# moving fry? Keep them ?



## beachtan (Sep 25, 2008)

I have 9 fry of various sizes 1/2" to 1.75" (they look most like Dayglow victorians) in a 10 gal. I have a mixed 55 gal with most fish 2-2.5" I had wanted to breed the fry eventually but now with no proper ID, I'm unsure what to do. 2 of the largest males are becoming a bit aggressive with the little ones but not too bad. no ripped fins anywhere... Should I just leave them all in the 10 gal until they reach , lets say, 2.5"? then move to the big tank? without having a correct species label I dont know their level of aggressiveness and compatibiity with the fish I have.

Also, if they are a hybrid, am I not supposed to breed them or distribute them? or can I advertise them just as "victorian cichlids" and sell them.
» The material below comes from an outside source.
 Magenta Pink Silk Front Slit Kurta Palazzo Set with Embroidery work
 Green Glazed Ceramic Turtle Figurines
I would really like your opinions so I can make some kind of decision!! Thanks! (pics are under ID: pundamilla fry,mom,dad pics forum)


----------



## chapman76 (Jun 30, 2004)

I do not let hybrids leave my tanks. I know I could sell them as hybirds, but I don't know what that person might do with them. They might not be as honest.
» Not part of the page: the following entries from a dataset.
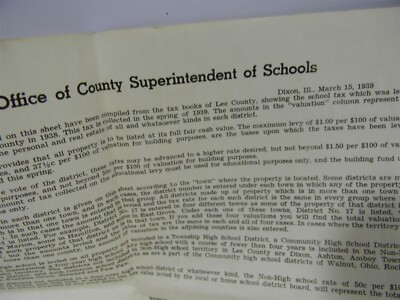 1938 Lee County Illinois Tax Levy Chart - Dixon , Amboy , Paw Paw, - 1A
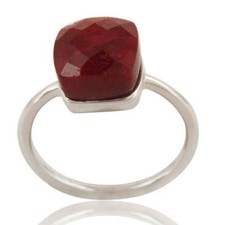 Large Ruby Gemstone Ring 925 Sterling Silver Statement Jewelry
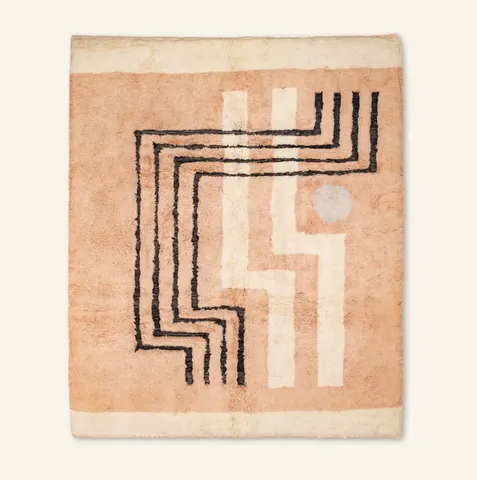 Tapis Mrirt Tazzarine beige et noir — tapis mrirt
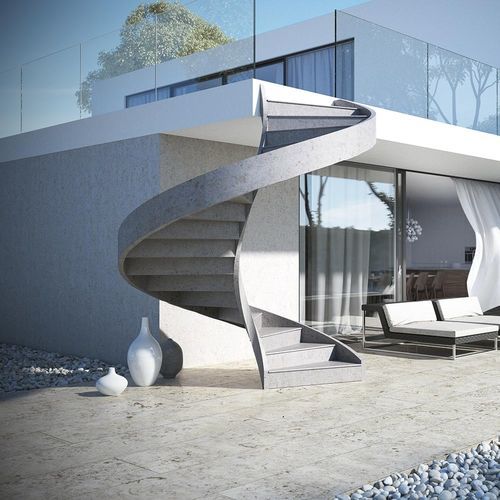 Spindeltreppe - LINE - Rintal Executive - Betonstufen / mit Betonstruktur / für Privatgebrauch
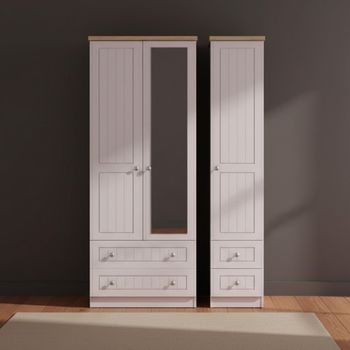 Vienna Cashmere 3 Door 1 Mirror Combi Wardrobe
With Vics, it's almost impossible to tell. That is why not many people keep them. Females look quite similar between many of the different species.


----------



## beachtan (Sep 25, 2008)

ok. so people dont want hybrids, right? why? sorry,just trying to understand. (I'm a bit new) and if the fish are really colorful and great looking, then why? arent lots of them bred for more color? wouldnt that make most hybrids? Maybe this is a controversial issue. and I'm hearing about variants. honestly, I cant tell why my fish are not Dayglows. Is it because the pec fins are blue instead of black? because the only rainbow fish I can find is the Kyoga Flameback without the black pec fins. But my babies pec fins are turning black.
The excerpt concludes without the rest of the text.